Close

Mahyeldi: Pengawasan BPD Maksimalkan Pemanfaatan Dana Desa

SAMBUT—Gubernur Sumbar Mahyeldi saat menghadiri Deklarasi dan Pelantikan Pengurus Daerah Persatuan Anggota BPD Seluruh Indonesia (PABPDSI) Se- Sumatera Barat Periode 2021-2027 di Padang, kemarin.

PADANG, METRO–Gubernur Sumatera Ba­rat Mahyeldi menilai keberadaan Badan Per­mu­sya­waratan Desa (BPD) atau Bamus di tingkat desa atau nagari sangat vital untuk pengawasan dana desa sehingga benar-benar dimanfaatkan sebesar-besarnya untuk pembangunan.

“BPD atau Bamus ini sangat penting karena di desa atau nagari itu banyak kegiatan seperti pe­manfaa­tan dana desa dan Ba­dan Usaha Milik Desa (BUMDes) atau BUMNag.
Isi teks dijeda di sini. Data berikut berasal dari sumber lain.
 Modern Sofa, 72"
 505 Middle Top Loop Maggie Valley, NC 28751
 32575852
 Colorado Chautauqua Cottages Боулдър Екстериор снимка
Jangan sampai karena ku­rang pengawasan, rekan-rekan Kepala Desa atau Wali Nagari terjerumus dalam kasus hukum,” katanya saat menghadiri Deklarasi dan Pelantikan Pengurus Daerah Persatuan Anggota BPD Seluruh Indonesia (PABPDSI) Se- Su­matera Barat Periode 2021-2027 di Padang, kemarin.

Ia mengatakan BPD atau Bamus harus bisa menyalurkan aspirasi ma­syarakat dalam musya­warah agar tertampung dan dilaksanakan bersama dengan pemerintahan de­sa atau nagari. “Dengan adanya musyawarah pekerjaan bisa lebih fokus dan menetapkan skala prioritas. tanpa itu pembangunan tidak akan bisa berjalan dengan baik, karena anggaran yang tersedia juga terbatas,” ujarnya.

Selain itu ia berharap BPD bersama Kepala Desa atau Wali Nagari juga bisa mengelola potensi perantau yang ada di daerah karena peran perantau sangat besar artinya untuk mendukung pembangunan di kampung halaman.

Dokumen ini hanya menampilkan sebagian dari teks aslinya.